** Opening Exercise materials block **
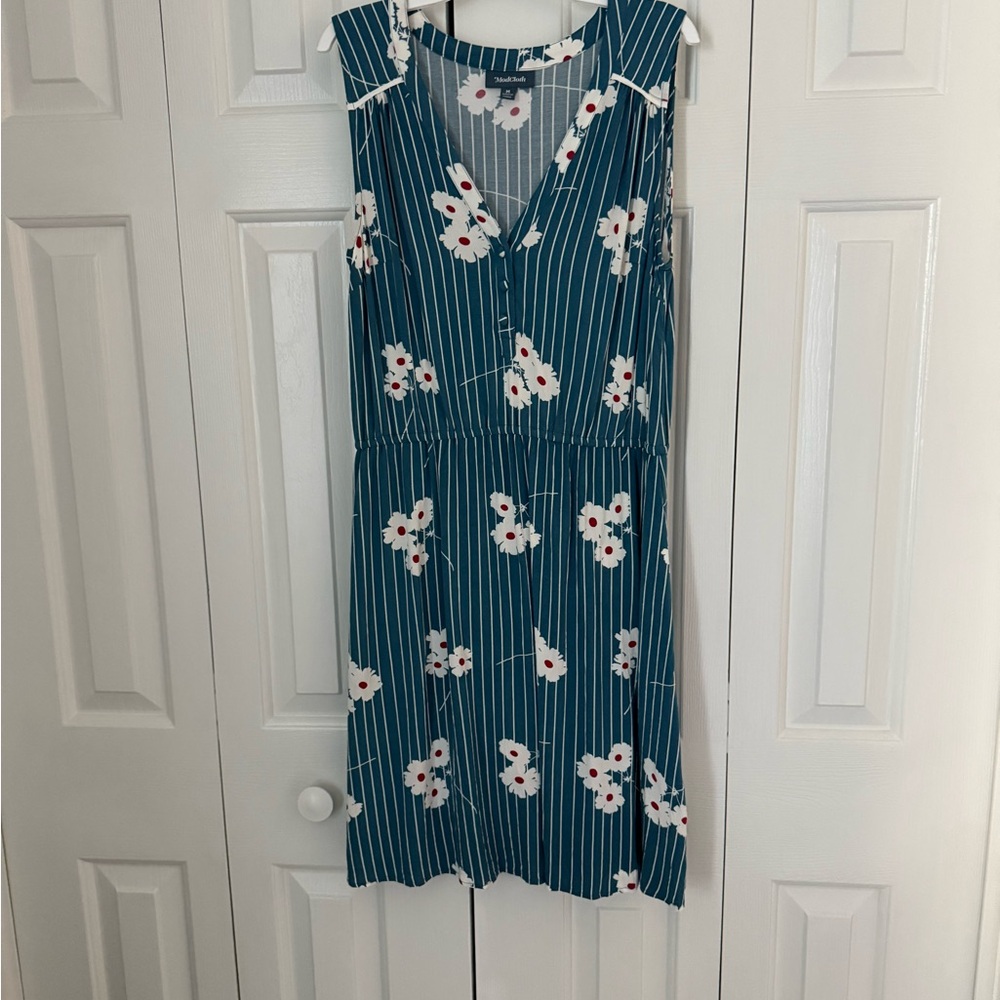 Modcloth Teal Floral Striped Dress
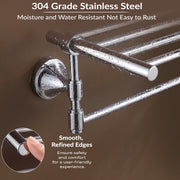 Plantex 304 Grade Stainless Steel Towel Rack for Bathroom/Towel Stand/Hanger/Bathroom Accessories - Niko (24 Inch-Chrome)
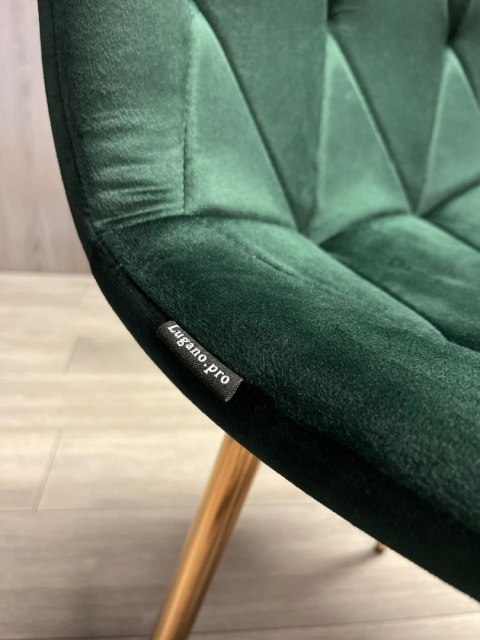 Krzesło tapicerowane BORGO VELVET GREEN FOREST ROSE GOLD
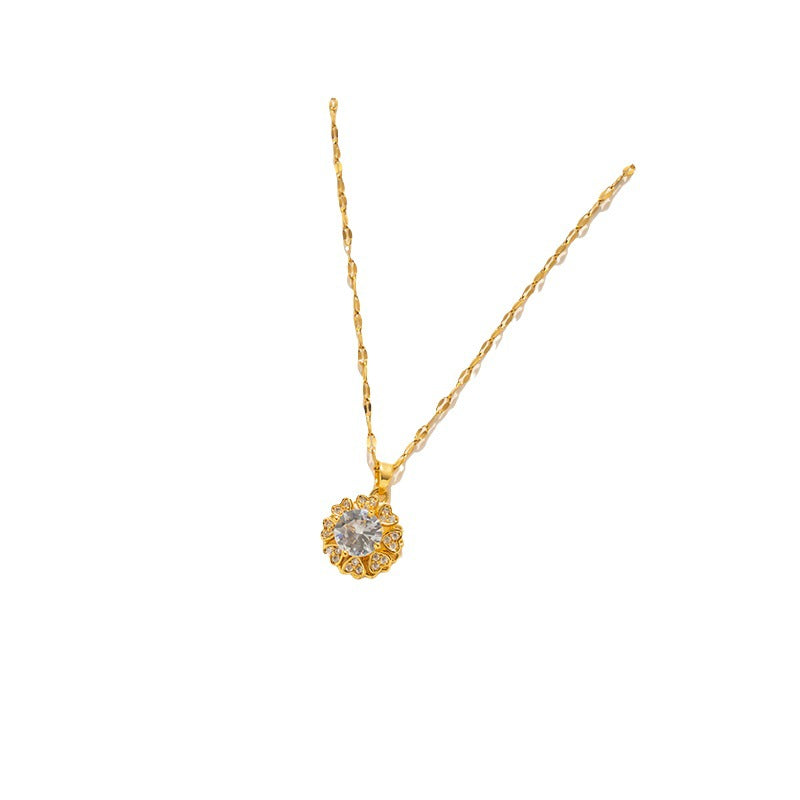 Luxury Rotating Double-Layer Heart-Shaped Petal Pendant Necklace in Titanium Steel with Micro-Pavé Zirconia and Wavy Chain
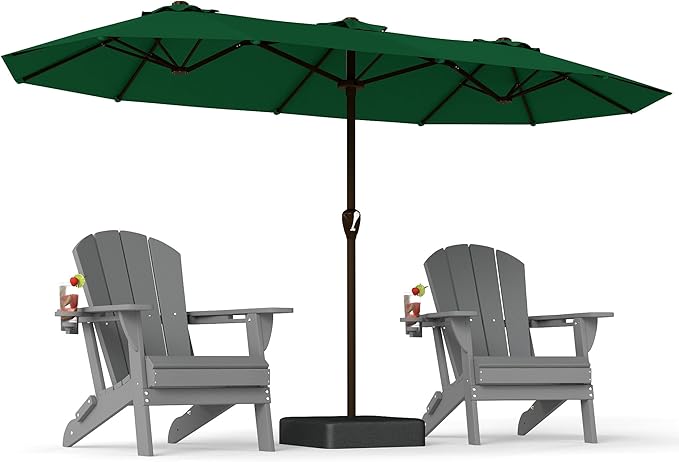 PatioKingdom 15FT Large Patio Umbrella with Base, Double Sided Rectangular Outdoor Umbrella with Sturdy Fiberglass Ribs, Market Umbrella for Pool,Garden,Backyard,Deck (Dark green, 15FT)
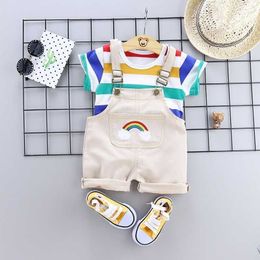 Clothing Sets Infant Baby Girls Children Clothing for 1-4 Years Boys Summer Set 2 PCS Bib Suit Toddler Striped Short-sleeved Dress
** Closing Exercise materials block **
Work to complete:
Pictures should be skipped, and the records retyped word for word.

Answer section:
 Modcloth Teal Floral Striped Dress
 Plantex 304 Grade Stainless Steel Towel Rack for Bathroom/Towel Stand/Hanger/Bathroom Accessories - Niko (24 Inch-Chrome)
 Krzesło tapicerowane BORGO VELVET GREEN FOREST ROSE GOLD
 Luxury Rotating Double-Layer Heart-Shaped Petal Pendant Necklace in Titanium Steel with Micro-Pavé Zirconia and Wavy Chain
 PatioKingdom 15FT Large Patio Umbrella with Base, Double Sided Rectangular Outdoor Umbrella with Sturdy Fiberglass Ribs, Market Umbrella for Pool,Garden,Backyard,Deck (Dark green, 15FT)
 Clothing Sets Infant Baby Girls Children Clothing for 1-4 Years Boys Summer Set 2 PCS Bib Suit Toddler Striped Short-sleeved Dress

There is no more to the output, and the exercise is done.